Claiming that they lost $57,000 in a Ponzi scheme orchestrated by Lizette Morice and her purported real estate investment firm, Gaddel Enterprises Inc., Thomas Carroll and Kimberly Baker hope to represent a class of 2,800 other investors. They sued William Stettler III and 92 other investors that allegedly reaped more than $5.1 million in proceeds from the scam.

From early 2006 to July 2007, Morice allegedly told mortgage brokers and individual investors that Gaddel purchased foreclosed properties and resold them to large corporations at a profit.

Morice and her colleagues recruited investors at her New Jersey home, in her Pennsylvania and New Jersey offices, and at elaborate black-tie affairs paid for by Gaddel, according to the complaint. Investors were told that they minimum $1,000 contributions would entitle them to a share of its profits since state regulations barred Gaddel from serving as the owner of record for more than a certain number of properties per quarter.

Morice and others allegedly amassed more than $7 million, though no real estate transactions ever took place.

After pleading guilty to seven counts of mail fraud in 2008, Morice was sentenced to 10 years in prison and ordered to pay about $7.3 million in restitution at a rate of $25 per quarter, which will take about 71,500 years.

Carroll and Baker moved for summary judgment against 12 of the defendants and their entities.
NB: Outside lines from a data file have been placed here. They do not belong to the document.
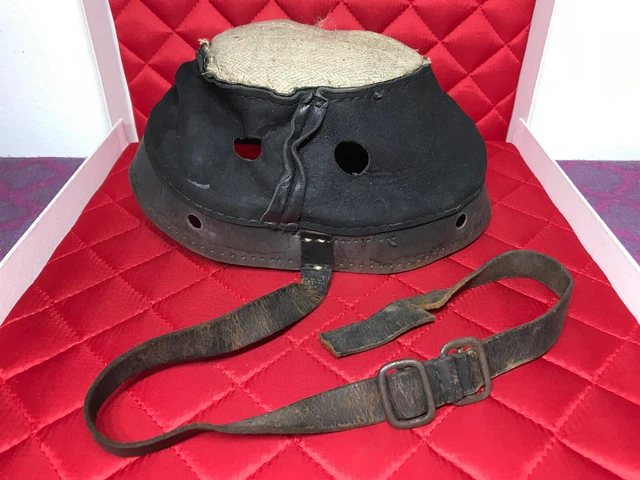 Stahlhelm Innenfutter Leder Wehrmacht WH WK1 WK2 Deutsch Militaria Helmfutter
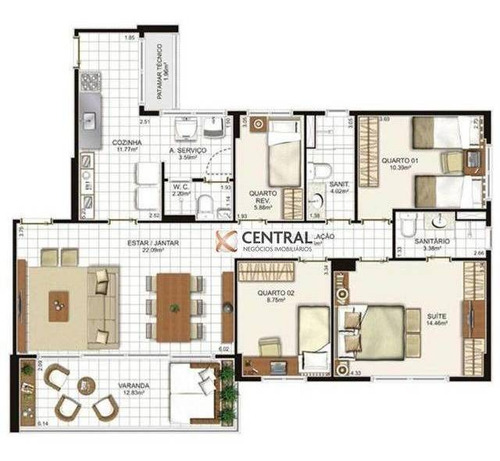 Apartamento Com 4 Dormitórios À Venda, 106 M² Por R$ 630.000,00 - Paralela - Salvador/ba - Ap2529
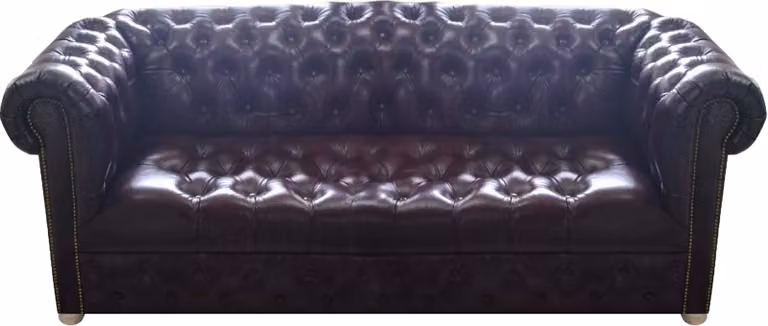 Braun Polster Möbel Wohnzimmer Luxus Sofa Dreisitze Couch Einrichtung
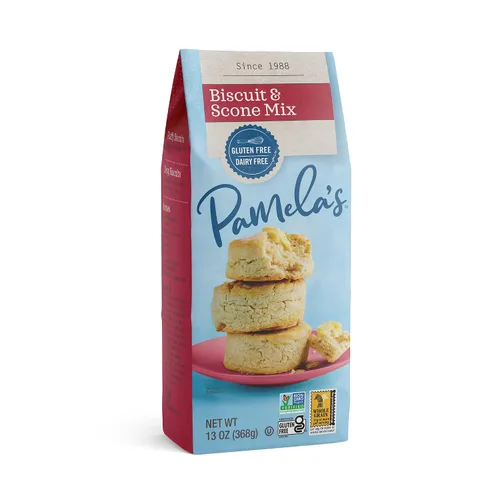 Vista 3 de Pamela's Products Mezcla de galletas y bollos sin gluten, 13 onzas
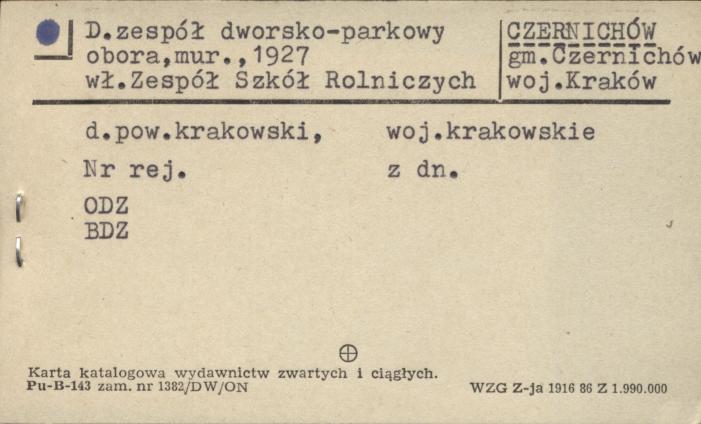 zespół dworsko-parkowy, obora, skan 1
They demanded return of investment profits that Gaddell allegedly transferred to nine of the investors during the course of the fraud. They also sought the return of investment profits and principal, as well as salaries and commissions, allegedly paid to three so-called insiders named in the suit.

Looking only at the claim against the insiders, U.S. District Judge Mary McLaughlin concentrated on the claims against salaried Gaddel employees Albin Delgado, James Martin and Troy McClain. She refused last week to grant summary judgment against Martin, his wife, McClain, and their respective entities.

Although Martin said in an email that a $1,000 investment could become $1 million in two years, he may have not known of the scheme, according to the ruling.

"Martin's sales pitches and correspondences with Morice aligned with Gaddel's representations in general - that investing small amounts of monies in foreclosed properties can lead to huge returns - and offered no proof that he was privy to any unique knowledge regarding the scheme," McLaughlin wrote. "His understanding that no other investment offered comparable returns is by itself insufficient for the court to presume inquiry notice. A reasonable jury could find that Martin's belief in his employer, however uninformed, was not so unfounded that he should have known it was too good to be true."

The judge also found a genuine dispute as to whether McClain knew of the scheme.

"In an unsworn verification [McClain] submitted to the court, he stated that he had no knowledge of Morice's network of mortgage brokers or corporate contacts," McLaughlin wrote. "He has also recounted in great detail the elaborate galas thrown by Morice and the distinguished guests who attended. He emphasized that many of Gaddel's investors were well-respected in the mortgage industry. It would not be unreasonable for a factfinder to believe McClain's version and to find that he was not on inquiry notice of the scheme."

Delgado and his company, Albinator Enterprises, did not fare as well.

"Without any argument from Delgado, either in the form of a brief in opposition or during oral argument, the court does not have any facts with which to rebut the plaintiffs' contentions against him," McLaughlin wrote.

In 2010, McLauglin refused to dismiss claims against MJD Investments, Michael DeBronzo, Rabbit2007 Inc., and Ian Virgin.